We note that we have carefully considered the other instances cited by Foremost as indicating open hostility on the trial court's part toward it and its attorneys. Although our examination of the record does cause us to question some of the trial court's comments and actions (e.g., locking one of Foremost's attorneys out of the courtroom for a few minutes while testimony was being taken), we, nonetheless, can find no basis for holding that the trial court's conduct so prejudiced Foremost as to require a new trial.
As to Foremost's contention that the jury's finding of liability was against the weight of the evidence, we note that an order denying a motion for a new trial on this ground will not be reversed, unless, after allowing all reasonable presumptions of its correctness, the preponderance of the evidence against the verdict is so decided as to clearly convince the reviewing court that it is wrong and unjust. Dorton v. Landmark Dental Care of Tuscaloosa, P.C., 577 So.2d 425 (Ala. 1991). As we have noted previously, the evidence was in dispute as to whether Foremost, through C C and its sales representative, Banks, made misrepresentations and suppressed material information in connection with the plaintiffs' purchase of their mobile home homeowner's insurance. Suffice it to say that the purpose of a jury trial is to resolve such disputes in the evidence. We cannot hold that the jury's finding of liability on Foremost's part was against the weight of the evidence.
Excessiveness of Damages (Issue 7) (1) Compensatory Damages
Foremost contends that the jury's compensatory damages awards were not supported by the evidence. It argues that those awards indicate bias, passion, or prejudice on the jury's part and that those awards must be reduced on the grounds that they are constitutionally flawed. We agree.
The right to a trial by jury in civil cases is guaranteed by § 11, Alabama Constitution; therefore, a jury verdict will not be set aside unless it is flawed, thereby losing its constitutional protection. Upon finding a verdict to be flawed, the trial court, pursuant to Rule 59(f), Ala.R.Civ.P., and this Court, pursuant to Ala. Code 1975, § 12-22-7, may interfere with it. In considering questions of the adequacy or excessiveness of jury awards, each case must be determined on its own facts. Wilson v. Dukona Corp. N.V., 547 So.2d 70 (Ala. 1989).
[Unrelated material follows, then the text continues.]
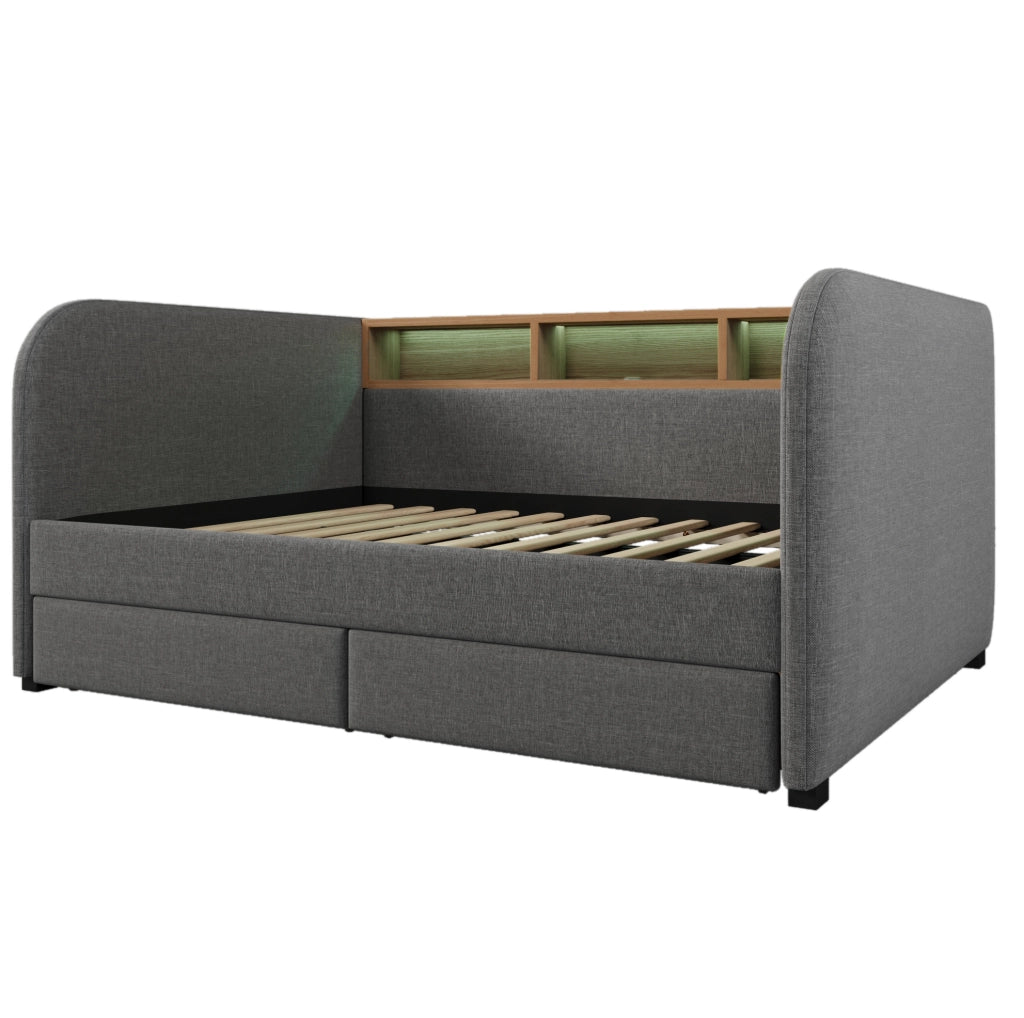 Letto imbottito 140x190 cm con LED; USB C; 2 cassetti e testiera contenitore; lino grigio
After carefully reviewing the record, we consider it quite clear that the trial court, as well as all the parties, understand that the compensatory damages awarded by the jury bore no rational relation to the evidence presented. There was no evidence that the Parhams sustained any damage for which compensation was due other than an economic loss of $1,633.50 (the amount of the first year's premium, plus interest) with respect to their misrepresentation claim and $234.80 (the amount of the premiums paid for adjacent structures coverage, plus interest) with respect to their suppression claim. The jury was not instructed that it could award the Parhams damages for mental anguish. Therefore, the $3,500 award of compensatory damages on the Parhams' misrepresentation claim and the $3,000 award of compensatory damages on their suppression claim were clearly excessive. Likewise, there was no evidence that Massey sustained any harm or loss for which compensation was due other than an economic loss of $1,200.93 with respect to her misrepresentation claim (the amount of the first year's premium, plus interest) and $228.50 (the amount of the premiums paid for adjacent structures coverage, plus interest) with respect to her suppression claim. The jury was not instructed that it could award Massey damages for mental anguish. Therefore, the $3,000 award of compensatory damages on Massey's misrepresentation claim and the $3,000 award of compensatory damages on her suppression claim were clearly excessive. Thus, we conclude that the jury's award of compensatory damages was constitutionally flawed; that it therefore lost the presumption of correctness that normally attaches to a jury's verdict; and that each award of compensatory damages is due to be reduced to the amount supported by the evidence.
(2) Punitive Damages (2)(a) Misrepresentation I.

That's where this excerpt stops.